En el preciso instante de cruzar la puerta, uno retiene al otro y con voz trémula le ruega:

─ Le voy a pedir un favor, ¡un gran favor! De cruzarnos en la fiesta, cosa muy probable, hagamos como si nos hubiéramos visto, como si fuéramos desconocidos; ¡como si jamás nos hubiéramos visto!… No sé si usted comprende…

El otro lo interrumpe abruptamente:

─ ¡Comprendo, comprendo! No se preocupe: yo tenía la intención de pedirle lo mismo.

Un apretón de manos sella el pacto de caballeros.

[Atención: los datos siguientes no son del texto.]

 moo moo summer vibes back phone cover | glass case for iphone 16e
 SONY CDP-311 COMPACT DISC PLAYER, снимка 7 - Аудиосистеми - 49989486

A la hora señalada, exactamente a la hora señalada, llegan al hotel y entran al Gran Salón por puertas diferentes, sumergiéndose de una sola vez en el mundo cerrado de las máscaras y las transparencias, de la personas y las sombras: de lo que mostramos a los demás y de lo que pretendemos velar. Aunque ningún Cruz Diablo, Payaso, Hombre Araña, Pirata del Caribe, María Antonieta, Dominó, Momia o Negrita tapa del todo; toda careta es translúcida; siempre lo oculto se deja entrever en el disfraz. Resulta imposible ser un simple observador, mantenerse al margen de la locura; apenas da uno un paso más allá de la puerta se encuentra envuelto en la riada serpenteante de embozos entrelazados. Un gentío efervescente, divinamente ebrio y vocinglero, más que un conjunto de personas, es una masa humana apelmazada con la apariencia de un ser amorfo unitario, llevado por una sola voluntad, palpitante de vida, dúctil; gigantesca ola que en su devenir sin rumbo fijo involucra a todos los entregados al juego de asumir a otro revelador de sus emociones más íntimas.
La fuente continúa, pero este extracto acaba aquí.